Notre activité dans les jardins
consistait principalement à désherber à la machette et à brûler les mauvaises
herbes ; les Achuar apprécient en effet l’image d’une terre à nu entre les
plantes cultivées. Ce souci est purement esthétique, les jardins achuar n’étant
pas plus productifs que ceux des ethnies avoisinantes qui laissent les plantes adventices
les envahir. Peut-être ce goût découle-t-il aussi de leur cosmogonie : il
s’agit de remplacer entièrement l’œuvre de Shakaïm, l’esprit qui cultive la
forêt comme son jardin, par celle de Nunkui, déesse tutélaire des plantes
cultivées. L’espace masculin de la forêt devient ainsi un jardin purement
féminin. Cette explication a toutefois ses limites car, depuis que leur habitat
est regroupé, les Achuar ont transféré ce goût pour la terre à nu vers d’autres
zones de la communauté, qu’ils passent un temps fou à « nettoyer »,
les hommes comme les femmes. Je leur ai expliqué de nombreuses fois que les
touristes trouvent plus d’agrément dans une végétation tropicale luxuriante que
dans une terre pelée brûlée par le soleil, mais ils n’ont pas pu croire à une
telle énormité. Parfois, lorsqu’ils s’apprêtaient à nettoyer une parcelle de
terrain, je leur désignais quelques fleurs aux couleurs éclatantes et visitées
par les colibris en leur assurant qu’aux yeux d’un touriste, elles étaient
vraiment belles.

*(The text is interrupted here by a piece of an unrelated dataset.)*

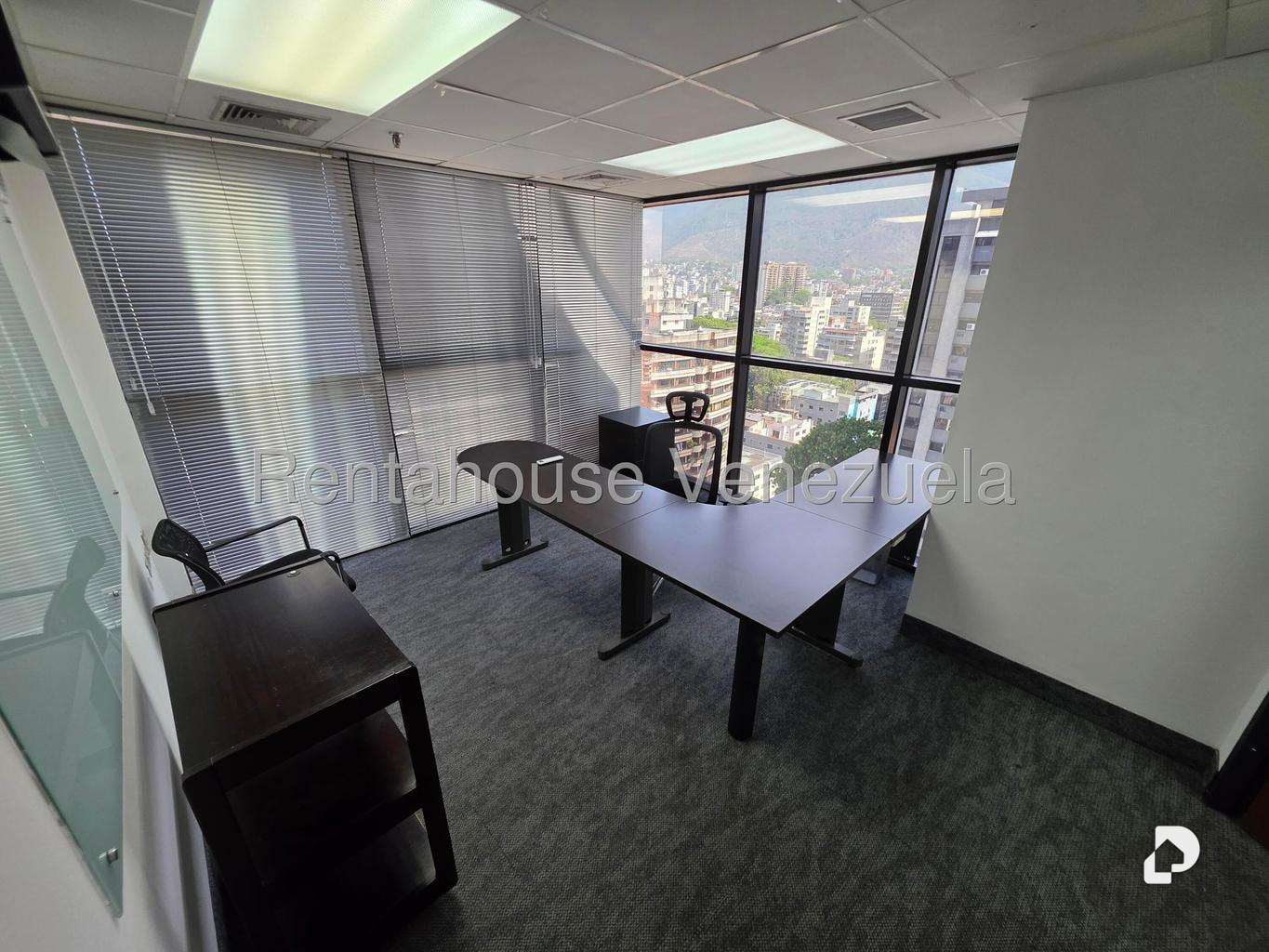 Oficina en Chacaito, Caracas – 14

Dubitatifs, ils acceptaient tout de même de les épargner, mais
lorsqu’elles se retrouvaient seules, sans leur écrin végétal, elles perdaient
beaucoup de leur charme.
Nous avons consacré une matinée à
aménager le « jardins des gringos », autour de notre cabane. Chacun
est venu avec des graines et quelques plantounes à transplanter – papayer,
bananier, caïmitier, canne à sucre, tabac, datura, fruits et fleurs aux noms
musicaux de yurangmis, maïkiua, cucuch.
Une fois les plantations et les
boutures terminées, tous les membres de la communauté ont pris un long moment
pour nettoyer la terre. Cette nuit-là, une petite mygale est venue creuser son
terrier le long de l’un des piliers de la cabane ; nous lui avons par la
suite donné chaque soir un grillon, pour que l’endroit lui plaise et qu’elle
décide d’y rester. Un singe nocturne dort dans l’un des arbres qui ombrage le
jardin. À lui nous avons proposé des bananes, mais qui ont pour l’instant été snobées.
Je n’y retourne qu’en juin
prochain, mais n’hésitez pas à y aller sans moi d’ici là pour entretenir le
jardin. L’un des visiteurs de cette année – Pierre Ferron – est guide professionnel et vit en Equateur. Vous
pouvez le contacter pour qu’il vous accompagne.
J’ai par ailleurs commencé à
discuter avec les membres des communautés voisines pour voir comment les
impliquer dans ce projet de tourisme, des fois qu’il fonctionne. La communauté
de Shuinmamu dispose par exemple de trois lagunes peuplées de caïmans et
d’hoatzins, que nous pourrions visiter en pirogue à rame moyennant un droit
d’entrée. Tout ça n’empêchera pas les pétroliers d’entrer, mais bon, il faut
bien se donner l’illusion de faire quelque chose.